El comprador y los aldeanos se quedaron mudos de asombro.
¡Semejante exigencia de cortar las ramas no tiene precedentes! ¿Aceptará el comprador?
Por supuesto, el comprador no se tomó muy bien la amenaza.
«Estás causando problemas a propósito, ¿Verdad? Pues ya no quiero la madera. Puedes vendérsela a otro». Al decir esto, se dio la vuelta y se dispuso a marcharse, para horror de los aldeanos.
La voz de Ian volvió a sonar impasible en ese momento e interrumpió los halagüeños ruegos de los aldeanos al comprador.
«Yo que tú me lo pensaría dos veces. Si abandonas hoy esta aldea, te garantizo que nunca podrás volver a hacer negocios aquí».
«¿Qué has dicho? ¿Quién eres tú para hacer este tipo de «garantía»?»
«Pruébame».
Vestido con su camisa blanca, el joven de dieciocho años resplandecía bajo el brillante sol de la mañana mientras sujetaba a un hombre que le doblaba la edad con nada más que unas palabras y la negativa a bajar la mirada.
Aunque no perdió los nervios ni levantó la voz, eso fue una señal de advertencia para quienes conocían bien a Ian.
Afortunadamente, el comprador fue lo bastante prudente como para dudar. Tras recuperar la compostura tras su breve arrebato de mal genio, se fijó en cómo se comportaba su joven adversario. No sólo no consiguió intimidar al muchacho, sino que la presencia de éste le produjo una inusitada falta de palabras.

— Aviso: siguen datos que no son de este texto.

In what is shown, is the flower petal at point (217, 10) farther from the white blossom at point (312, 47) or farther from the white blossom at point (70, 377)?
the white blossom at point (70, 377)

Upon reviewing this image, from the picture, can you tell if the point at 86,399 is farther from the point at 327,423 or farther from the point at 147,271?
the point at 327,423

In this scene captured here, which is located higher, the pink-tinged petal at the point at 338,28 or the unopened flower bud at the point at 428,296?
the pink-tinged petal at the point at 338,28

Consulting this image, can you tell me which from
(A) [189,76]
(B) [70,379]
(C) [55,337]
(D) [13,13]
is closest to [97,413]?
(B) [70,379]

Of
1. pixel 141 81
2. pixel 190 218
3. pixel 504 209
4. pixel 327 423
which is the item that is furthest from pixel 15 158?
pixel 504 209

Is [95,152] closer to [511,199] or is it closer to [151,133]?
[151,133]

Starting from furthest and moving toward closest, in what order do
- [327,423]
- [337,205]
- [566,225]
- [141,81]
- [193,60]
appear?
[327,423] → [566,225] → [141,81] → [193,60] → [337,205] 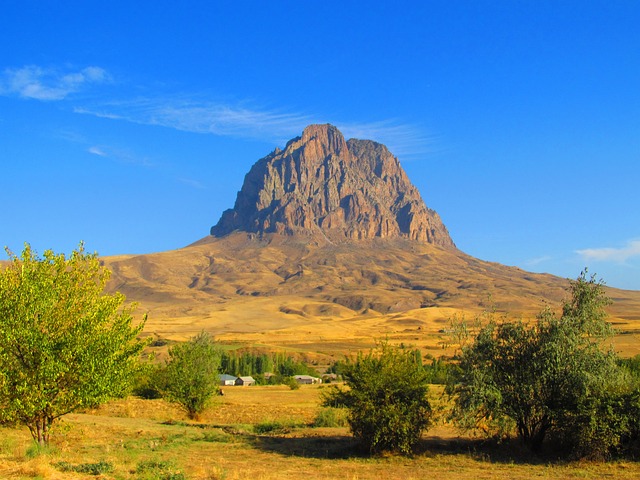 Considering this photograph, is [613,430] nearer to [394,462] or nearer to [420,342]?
[394,462]

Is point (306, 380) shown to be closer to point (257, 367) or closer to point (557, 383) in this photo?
point (257, 367)

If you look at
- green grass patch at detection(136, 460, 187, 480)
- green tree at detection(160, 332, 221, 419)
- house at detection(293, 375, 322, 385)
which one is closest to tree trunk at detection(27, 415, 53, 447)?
green grass patch at detection(136, 460, 187, 480)

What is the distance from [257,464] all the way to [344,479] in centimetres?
585

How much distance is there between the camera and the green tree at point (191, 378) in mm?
52969

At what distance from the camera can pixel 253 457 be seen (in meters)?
31.3

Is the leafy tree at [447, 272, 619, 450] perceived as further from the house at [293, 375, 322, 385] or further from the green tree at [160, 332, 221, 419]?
the house at [293, 375, 322, 385]

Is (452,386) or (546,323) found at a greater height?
(546,323)

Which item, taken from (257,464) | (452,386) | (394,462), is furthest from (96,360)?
(452,386)

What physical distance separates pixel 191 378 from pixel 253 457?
75.5 ft

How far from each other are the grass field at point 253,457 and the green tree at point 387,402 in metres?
1.05

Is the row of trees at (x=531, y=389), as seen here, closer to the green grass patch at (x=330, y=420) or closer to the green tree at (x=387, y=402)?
the green tree at (x=387, y=402)

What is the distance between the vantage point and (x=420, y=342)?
7362 inches

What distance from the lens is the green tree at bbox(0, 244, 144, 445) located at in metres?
22.6

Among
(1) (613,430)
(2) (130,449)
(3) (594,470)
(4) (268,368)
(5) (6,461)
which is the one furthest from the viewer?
(4) (268,368) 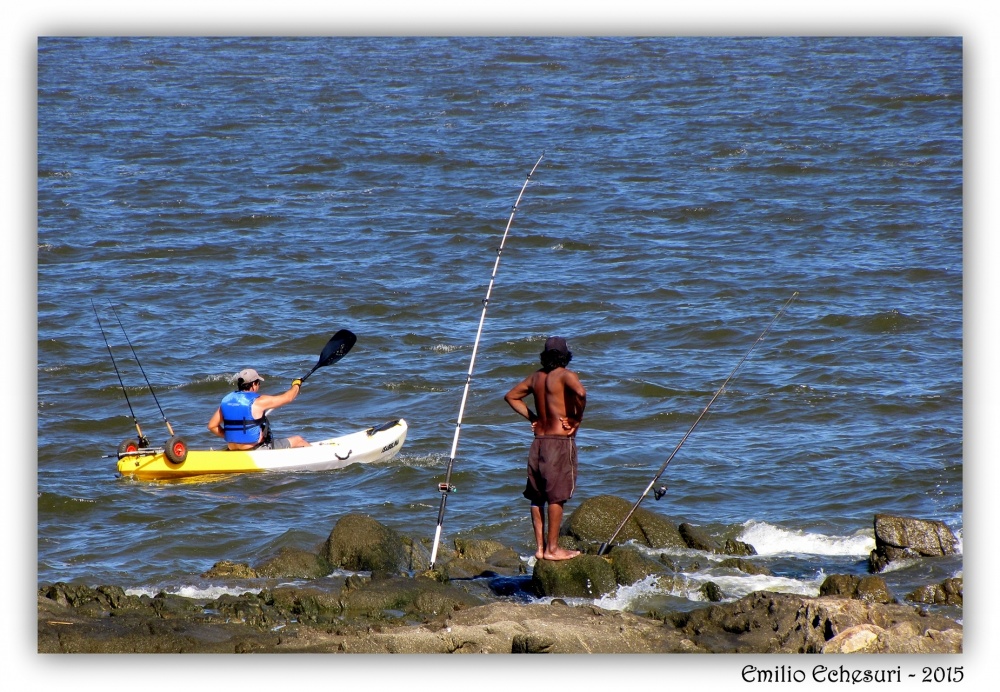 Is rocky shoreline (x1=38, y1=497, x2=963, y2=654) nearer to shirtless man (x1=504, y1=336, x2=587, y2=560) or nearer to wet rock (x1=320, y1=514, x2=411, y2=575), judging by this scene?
wet rock (x1=320, y1=514, x2=411, y2=575)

Finalmente, se volvió para dirigirse a uno de sus subordinados sin apartar los ojos de Ian.
“¿Quién es?»
«Son voluntarios de una universidad famosa, jefe. Y también caros. Sus familias deben de ser gente poderosa». El comprador tragó saliva.
Diez minutos más tarde, la medición se había rehecho sin dejar ni una ramita fuera de la ecuación.